Here, for better visibility, we put each operation in a separate line. For that to work, we need to tell Python that the line has not yet ended at the end of the statement which we achieve by putting a backslash \
at the end of each (non-final) line.
We can get a useful summary of the dataset and the operations applied to it by simply printing it:
[3]:
print(d)
PupilData(test_ro_ka_si_hu_re_vu_vi_be, 331.3KiB):
n : 6001
nmiss : 117.2
perc_miss : 1.9530078320279955
nevents : 56
nblinks : 24
ninterpolated : 0.0
blinks_per_min : 11.998000333277787
fs : 50
duration_minutes : 2.0003333333333333
start_min : 4.00015
end_min : 6.0
baseline_estimated: False
response_estimated: False
History:
*
└ reset_time()
└ blinks_detect()
└ sub_slice(4,6,units=min)
└ drop_original()
└ blinks_detect()
└ blinks_merge()
└ lowpass_filter(3)
└ downsample(50)
We see that sampling rate, number of datapoints and more is automatically printed along with the history of all operations applied to the dataset. This information can also be retrieved separately and in a form useful for further processing the function summary()

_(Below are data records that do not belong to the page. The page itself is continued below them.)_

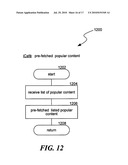 ICAFE PRE-ORDERING diagram and image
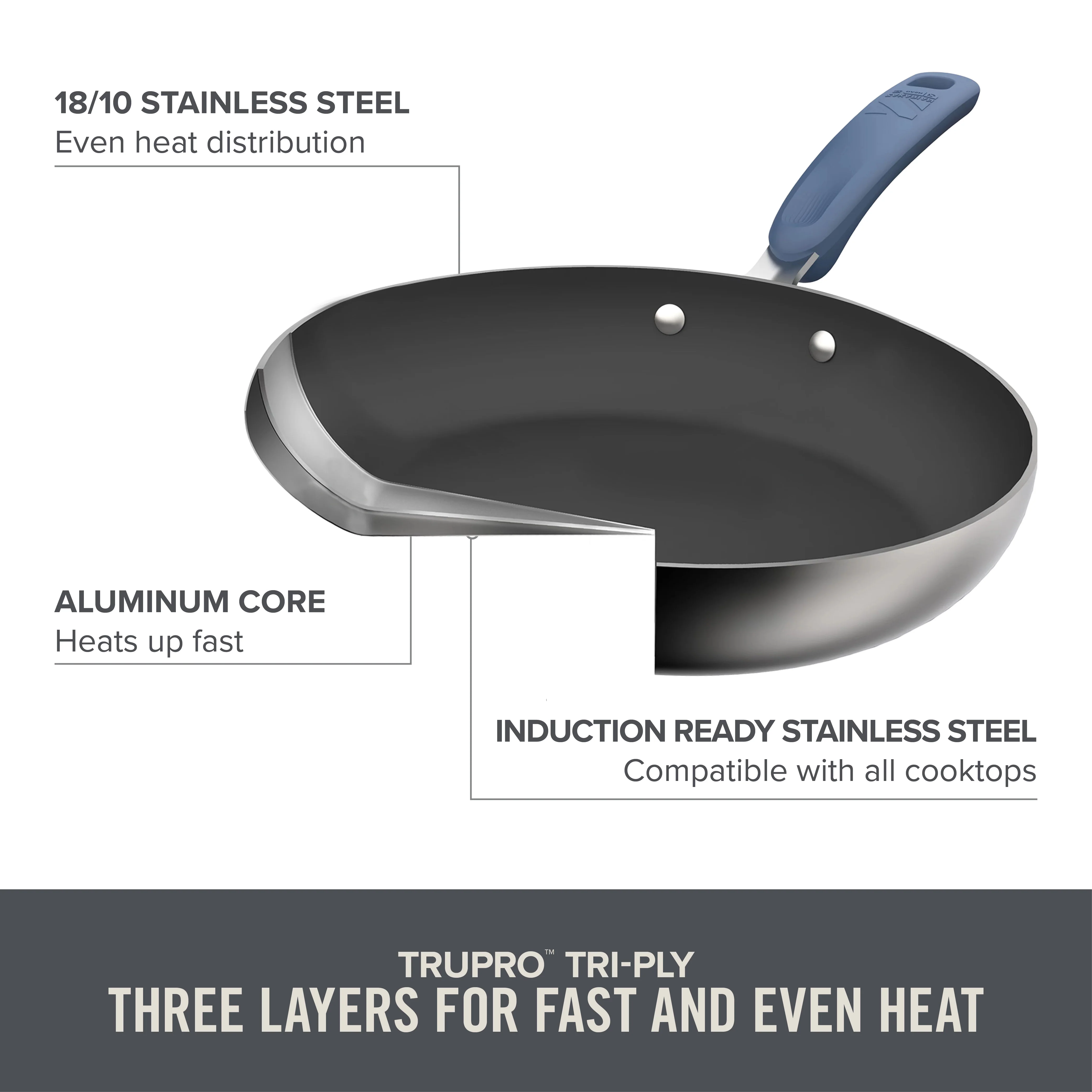 Zakarian by Dash Trupro 10PC Stainless Steel Cookware Set - Image 3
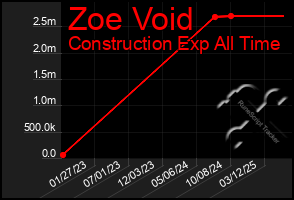 Total Graph of Zoe Void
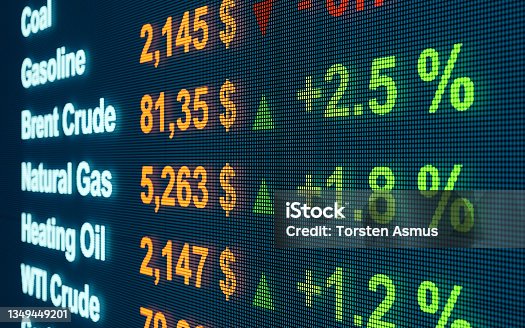 istock Rising prices and positive percentage price changes of Brent Crude Oil, Natural Gas and Heating Oil on a trading screen for commodities. 1349449201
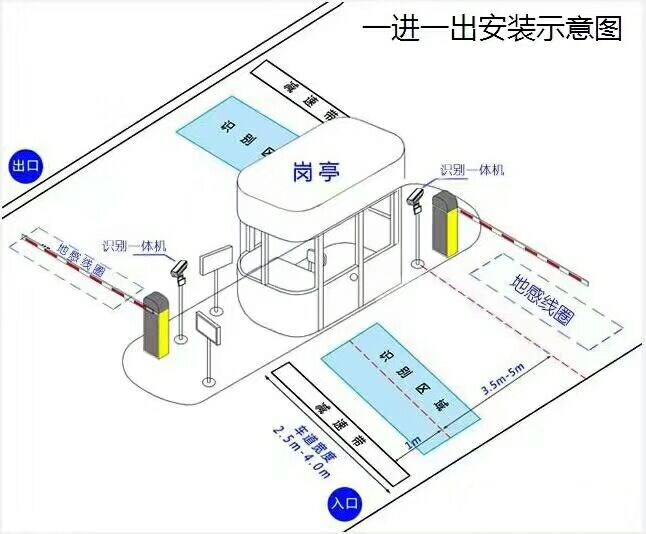 铁山港区标准车牌识别系统安装图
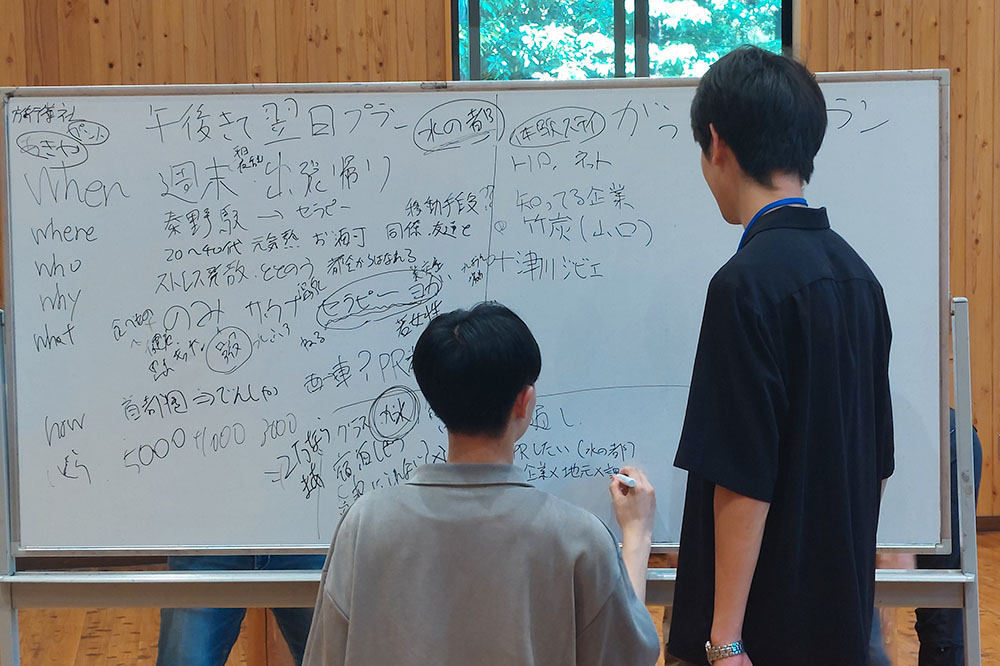 グループ発表の様子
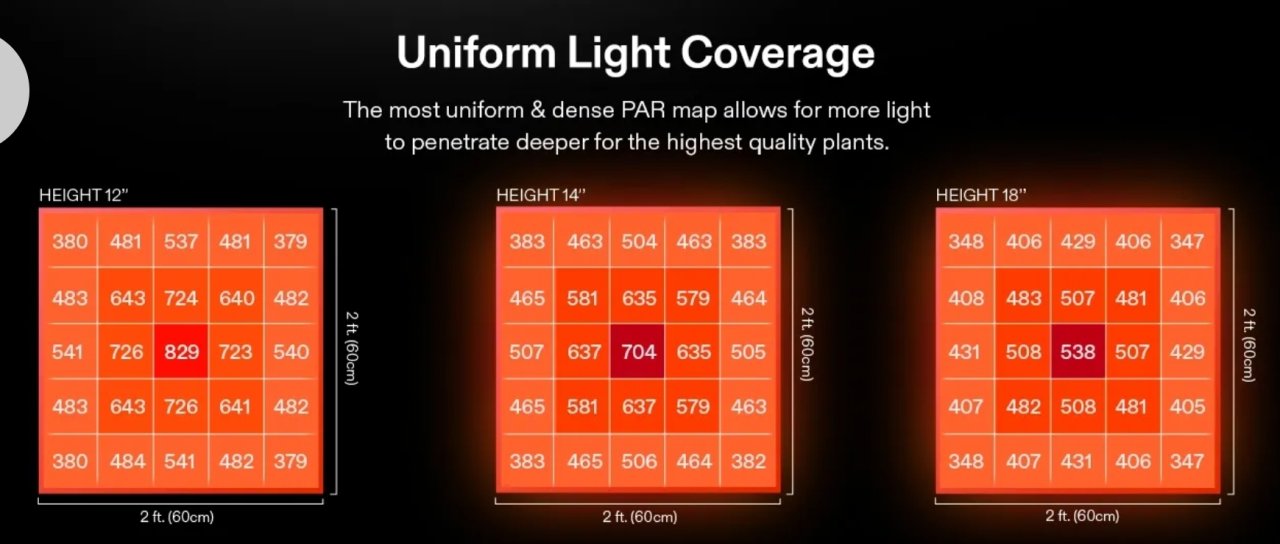 Vivosun AeroLight par map.jpg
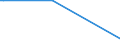 KN 84569980 /Exporte /Einheit = Preise (Euro/Bes. Maßeinheiten) /Partnerland: Sierra Leone /Meldeland: Europäische Union /84569980:Werkzeugmaschinen zum Abtragen von Stoffen Aller art Durch Elektrochemische Verfahren Oder Elektronen-, Ionen- Oder Plasmastrahl (Ausg. L”t- und Schweiámaschinen, Materialprfmaschinen, Fr„smaschinen mit Fokussiertem Ionenstrahl fr die Erzeugung und Reparatur von Masken und Reticles mit Mustern fr Halbleiterbauelemente, Apparate fr die Trocken„tzung von Mustern auf Halbleitermaterialien und auf Tr„germaterialien fr Flssigkristallanzeigen Sowie Apparate fr die Abl”sung [resistentfernung] Oder Reinigung von Halbleiterscheiben [wafers])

which returns the information in the form of a dict
:
[4]:
d.summary()
[4]:
{'name': 'test_ro_ka_si_hu_re_vu_vi_be',
'n': 6001,
'nmiss': 117.2,
'perc_miss': 1.9530078320279955,
'nevents': 56,
'nblinks': 24,
'ninterpolated': 0.0,
'blinks_per_min': 11.998000333277787,
'fs': 50,
'duration_minutes': 2.0003333333333333,
'start_min': 4.00015,
'end_min': 6.0,
'baseline_estimated': False,
'response_estimated': False}
The history is internally stored in PupilData
’s history
member and can be applied to another object for convenience. That way, a pipeline can be developed on a single dataset and later be transferred to a whole folder of other (similar) datasets.

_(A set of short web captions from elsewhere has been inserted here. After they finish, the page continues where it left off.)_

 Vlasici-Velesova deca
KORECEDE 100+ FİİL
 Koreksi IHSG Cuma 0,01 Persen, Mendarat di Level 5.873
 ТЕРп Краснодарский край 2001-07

As an example, we create several “fake” datasets representing data from several subjects (each with 10 trials):
[5]:
nsubj=10 # number of subjects
data={k:pp.create_fake_pupildata(ntrials=10, fs=500) for k in range(1,nsubj+1)}
The dict
data
now contains ten PupilData
datasets. We will now use the data from the first subject to create a pipeline of processing operations:
[6]:
template=data[1].lowpass_filter(5).downsample(100)
template.print_history()
* fake_bomitime_ni_fu
└ lowpass_filter(5)
└ downsample(100)
We have stored the result of these operations in a new dataset template
which contains a record of these operations. We can now easily apply identical operations on all the datasets using the apply_history()
function:
[7]:
preproc_data={k:template.apply_history(d) for k,d in data.items()}
preproc_data[5].print_history()
* fake_kowelale_wu_ni
└ lowpass_filter(5)
└ downsample(100)